49 — Superman: Ride of Steel — Six Flags New England

48 — Roar — Adventure World

It’s 1964, you’re Angus G. Wynne, and you’re probably at some too-huge oak desk or something while you’re opening a letter. Probably, not really, but for narrative effect.

You’re no doubt using some ornate silver letter opener, probably inscribed with your initials. I’m guessing, but your type isn’t mysterious. You were born into a wealthy family and intend to die with one.

You’ve already been successful enough in your real estate and oil endeavors to convince the Texas government to fund a spot for you the 1964 World’s Fair in Flushing Meadows, New York. There they counted on you to take the Great Lone Star state and show those Yankees how its done in the land where everything is bigger.

Surely they and everyone else had reason to believe in you. You’re Texas personified. You’re so Texas, you spent $10m opening a theme park called “Six Flags Over Texas.” Why else would they have put their money behind you?

The “Six Flags” stand for each of the flags flown over the great land.

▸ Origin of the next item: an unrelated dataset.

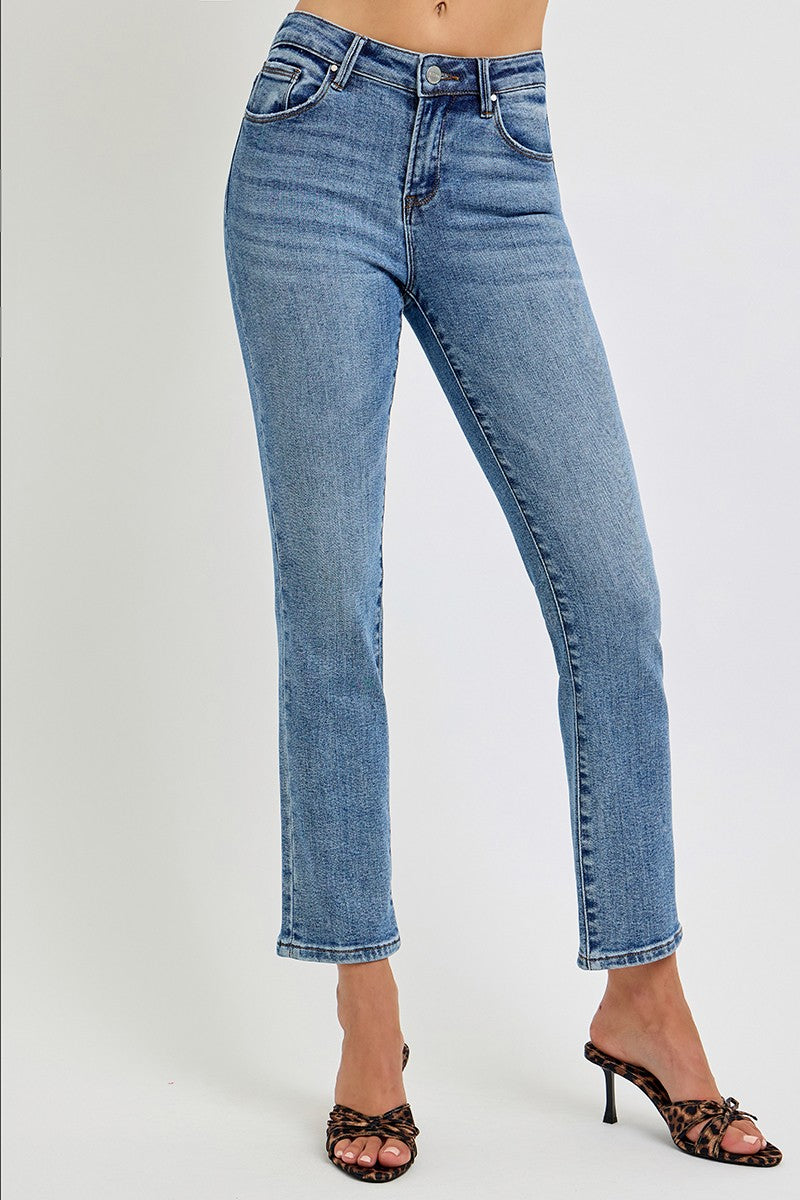 Risen Mid Rise Straight Slim Jeans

Oh, your culture didn’t have flags? Tough. You don’t get a themed section.

In order of appearance:

Spain

France

Mexico

The Republic of Texas

The United States of America

The Confederate States of America

The New York Times itself seemed to await your arrival with bated breath:

18 January 64

Upon opening, further details about the attraction would be printed in the official Wold’s Fair Guide:

SUDDEN FUN. Surprise is a feature of the entire area. A young man suddenly stands up and breaks into song. A girl walking along a path bullwhips a cigarette from the mouth of a friend. Two arguing waiters bring their feud to a head in a burst of gunfire."TO BROADWAY WITH LOVE." This is the title of the 90-minute musical spectacular in The Music Hall. Presented by producer George Schaefer, who produced Teahouse of the August Moon, and Morton Da Costa, who directed The Music Man, the new show is an anthology packed with the moods and music of the American theater from The Black Crook of 1864 to recent hits. The show, which cost $1,250,000 to stage, has imaginative costumes and effects; it was cheered by every Broadway critic when it opened.BITS OF TEXAS. Among the side attractions are:

Life on the range. Symbolizing the luxurious care given to modern livestock, a real bull is sumptuously stabled in an elegant French bedroom.

Art in Texas. An exhibit of home-state paintings is on view in the Music Hall.

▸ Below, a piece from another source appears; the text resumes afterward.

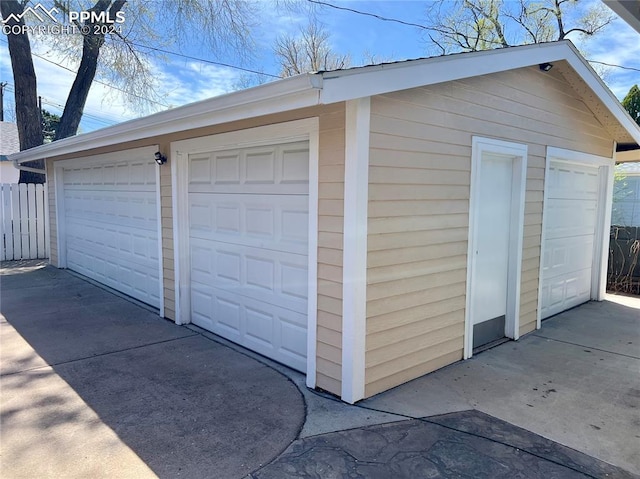 view of garage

RESTAURANTS. Wildest and wooliest of the numerous dining areas is the Frontier Palace, where the air is filled with the aroma of chuckwagon beef, and girls dance the cancan. There are also Mexico, Tourism and New Texas snack bars, snacks with the beer in the Beer Garden, and a Shrimp Bar.

That New York Times gush piece was printed only back in January, but the pride you felt feels years removed now that it’s September. As you unfold the letter, the header “ORANGE JULIUS OF AMERICA” gives your heart a start.

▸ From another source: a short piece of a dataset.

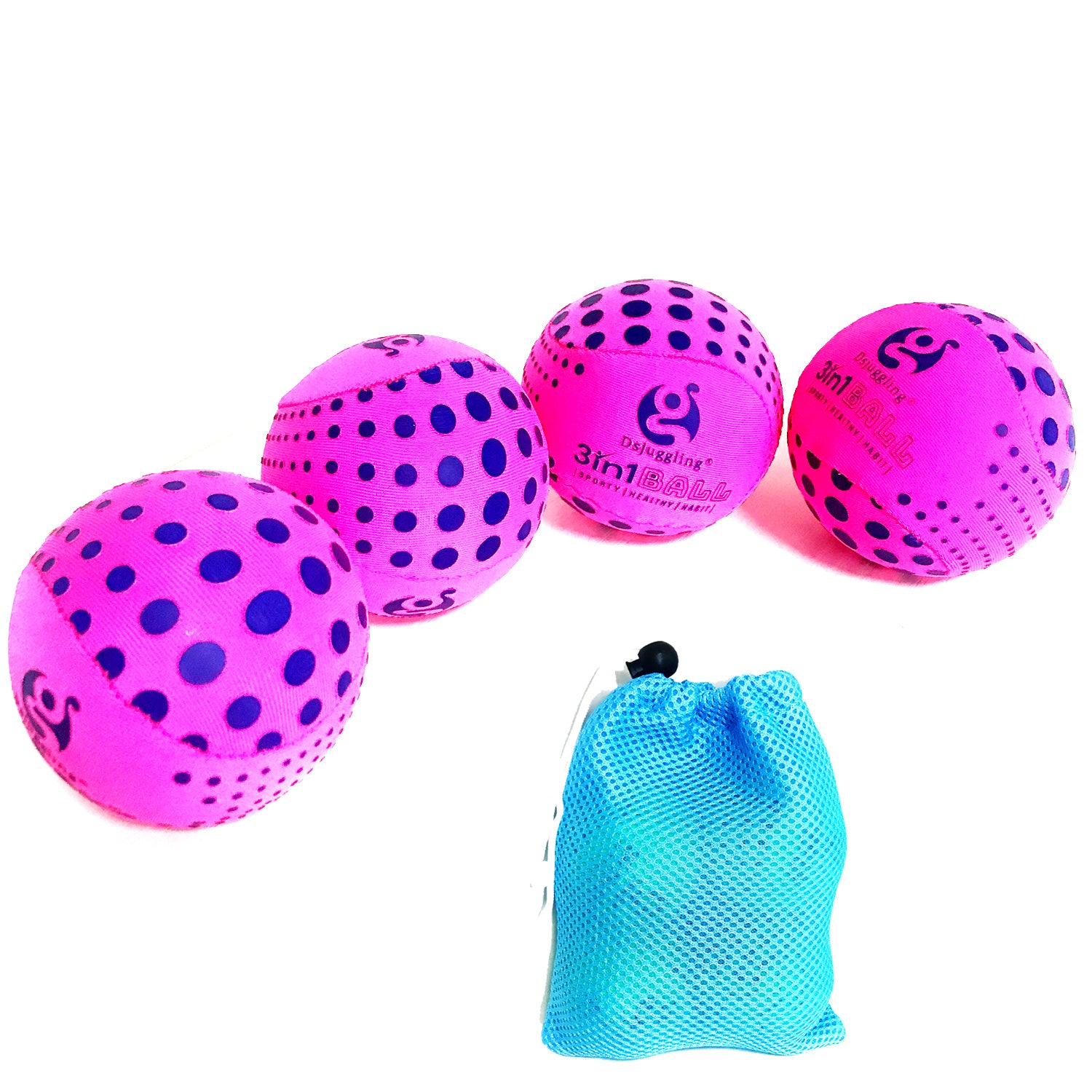 DSJUGGLING 4 Pieces Washable Juggling Balls for Beginners and Professionals Set of 4 100g Each - Soft Easy Juggle Balls, Multiple Practice Juggling Ba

This won’t be good. It’s forwarded from the Head of Concessions at the World’s Fair, where your second major foray into entertainment has now effectively run its inaugural, and final, season.

We wish to discontinue operation of the Orange Julius stand near the Music Hall in the Amusement Area.

At the present time we find ourselves unable to operate profitably at this location due to three principal factors:

a. An almost total lack of Fair visitors in the area around the former Texas Music Hall due to a complete lack of activity there. Our Orange Julius stand was intended to be a service facility, not a drawing attraction.

b. Smaller crowds at the fair in general these past few weeks.

c. Cooler weather recently, which affects adversely the sale of our drink.

To demonstrate this, the average daily volume at the Music Hall stand has been only $31.00 during the past 2 weeks.

Come 1965, there will will still be a New York World’s Fair, but there will be no Texas Pavilion.

You know that Mr. Disney? He had a whole revolving stage around machines that moved and spoke as real as you or I. How were your dancing girls supposed to compete with that?

That Disney fella really seems to have something going on over there. Everybody said his theme park would fail and here it’s been almost a decade, that place can’t squeeze enough people in and he is the darling of the Fair as you prepare to leave with your tail between your legs.

Maybe that’s why his Disneyland is doing so much better than your Six Flags Over Texas. By 1965, he’ll have established a “permanent world’s fair” at Disneyland, and his audio-animatronics will make millions gawk in awe.

But it’s not yet 1965. It’s still 1964, you’re Angus Wynne, and there’s an ace up your sleeve. You can just forget about this whole World’s Fair thing because now you’re working with someone bigger than the Texas government. Bigger than the government representing that fifth flag, the United States.

Disney may have his ‘audio-animatronics,’ but where are those gonna take him? How long are they going to last? No, the partner you’ve taken on is a proven winner, a winner of historic proportions.

For a guy born with a silver spoon you’re about to start working with the equivalent of what would’ve been a normal kid’s favorite baseball player. But no kid in Oak Hill could admire a Ranger the way the wealthy can appreciate money and power.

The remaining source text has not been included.